A word-for-word copy of the data is what's wanted, with no pictures.

#### [STORED DATA]
== Segment start ==
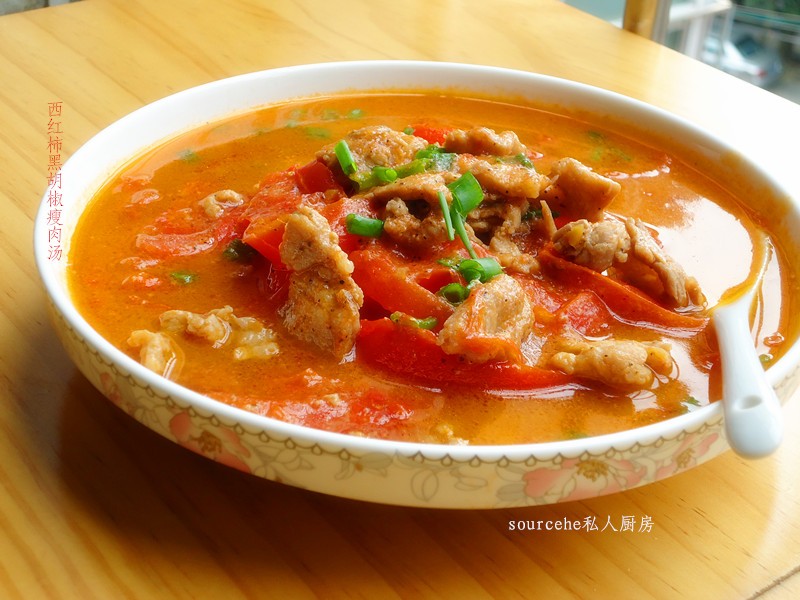 西红柿的6种做法,简简单单,学会它,一日三餐不用愁!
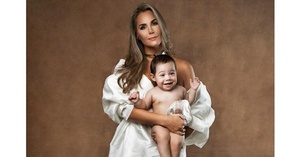 Tania Domaniczky: “Había una vez un pequeño príncipe azul, que me rescató”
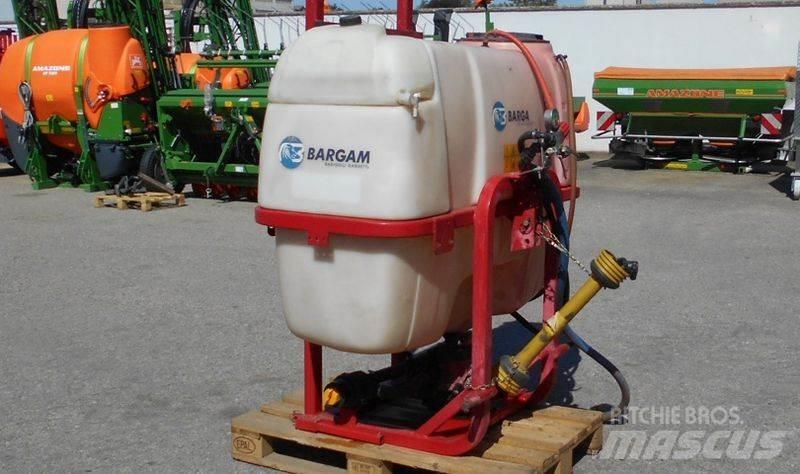 Bargam 600 Trailersprøjter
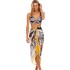 Пляжное парео Agua Bendita 7653 JENNIE PROA, Цвет: мульти, Размеры: UN, изображение 3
== Segment end ==
#### [TASK RESULT]
 西红柿的6种做法,简简单单,学会它,一日三餐不用愁!
 Tania Domaniczky: “Había una vez un pequeño príncipe azul, que me rescató”
 Bargam 600 Trailersprøjter
 Пляжное парео Agua Bendita 7653 JENNIE PROA, Цвет: мульти, Размеры: UN, изображение 3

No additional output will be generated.